From Page 11 in the introduction:  An OPEN HEART by the Dalai Lama  

How should we go about this?  We can start with ourselves.  We must try to develop great perspective, looking into situations from all angles.  Usually when we face problems, we look at them from our own point of view.  We even sometimes deliberately ignore other aspects of a situation.  This often leads to negative consequences.  However, it is very important for us to have a broader perspective.  

At the end of the speech and the introduction from the book (P. 25 of the introduction) he leaves us with these words and I leave them with you.  

May the poor find wealth,
Those weak with sorrow find joy.
May the forlorn find new hope,
Constant happiness and prosperity.  

May the frightened cease to be afraid,
And those bound be free.
May the weak find power,
And may their hearts join in friendship.  

 

Our final area of the conversation is questions, wishes and dialogue.  

Questions, Wishes, and Dialogue:  

What are the questions you ask yourself or you hear others ask that might help guide your work?  What are the questions that you wish were being asked?  What is the dialogue you wish we, as practitioners, were having?  What are the matters about which you have a feeling of urgency?  If you had three wishes for other professionals, what would they be and why?  
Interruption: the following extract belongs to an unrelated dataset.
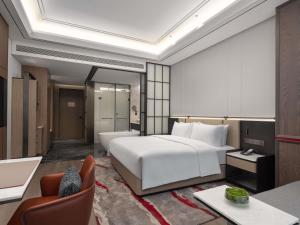 Una cama o camas en una habitación de Mövenpick by Accor Neijiang 45 fotos más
Questions I am asking myself and others:

Who AM I?

What is important?

What is my role in this experience?

What inquiry and dialogue can be effective for alleviating the suffering of others, in any way, in any place?

How am I a part of the bigger picture?

What does leadership mean to me?

How do I model it to others?

How can I continue to see the world as it is, not as I see it and what can that insight provide to me and others in terms of our contribution?

What can I do to improve my own ability to invite and include other perspectives, holding my own as valuable and object, but nonetheless being open and approachable in terms of creating space for others?

If there are other things you would like to add to the conversation that don't seem to fit in the topics above, post them here.  We know we haven't covered it all, and we'll be delighted to hear what else is on your mind.  

Peace

Inquiry

Dialogue

Compassion

Contribution

Space for conflict, difference and diversity.